California net neutrality bill ‘eviscerated’ in Assembly committee meeting - knuththetruth
https://www.sfchronicle.com/business/article/California-net-neutrality-bill-eviscerated-13011048.php
======
masonic

      In a bipartisan 8-0 vote, the state Assembly Communications and Conveyance Committee...
    

Typical SF Chronicle partisan bias.

 _Seven_ of those eight were _Democrats_. Does that sound like "bipartisan"
action? Also, saying it was 8-0 was a flat lie.
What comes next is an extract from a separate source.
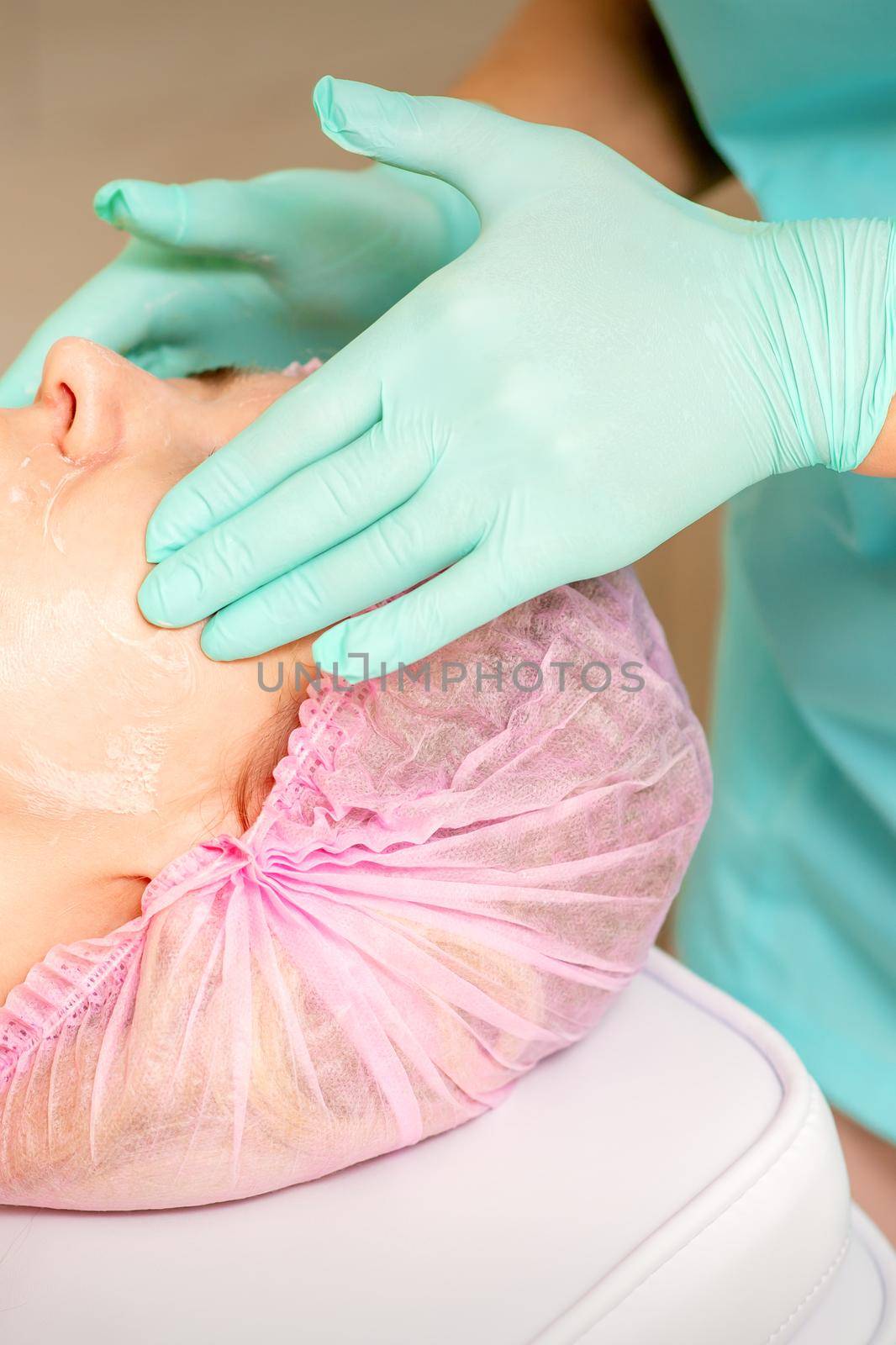 Cosmetologist with gloved hands applies a moisturizing mask with peeling cream on the female face. Facial cosmetology treatment. Procedures for facial care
It was actually 8-2, with
_both_ votes in opposition to this hatchet job being Republicans.

The votes to gut it: Cervantes, Eduardo Garcia, Kamlager-Dove, Low,
Maienschein, Quirk-Silva, Rodriguez, Santiago.

See details under 6/20 activity here:

[http://leginfo.legislature.ca.gov/faces/billVotesClient.xhtm...](http://leginfo.legislature.ca.gov/faces/billVotesClient.xhtml?bill_id=201720180SB822)

------
abritinthebay
Every single one of them is lying through their teeth and should be attacked
_viciously_ over this when re-election comes.

Such horse shit

------
himom
Corruption: It’s What’s For Dinner™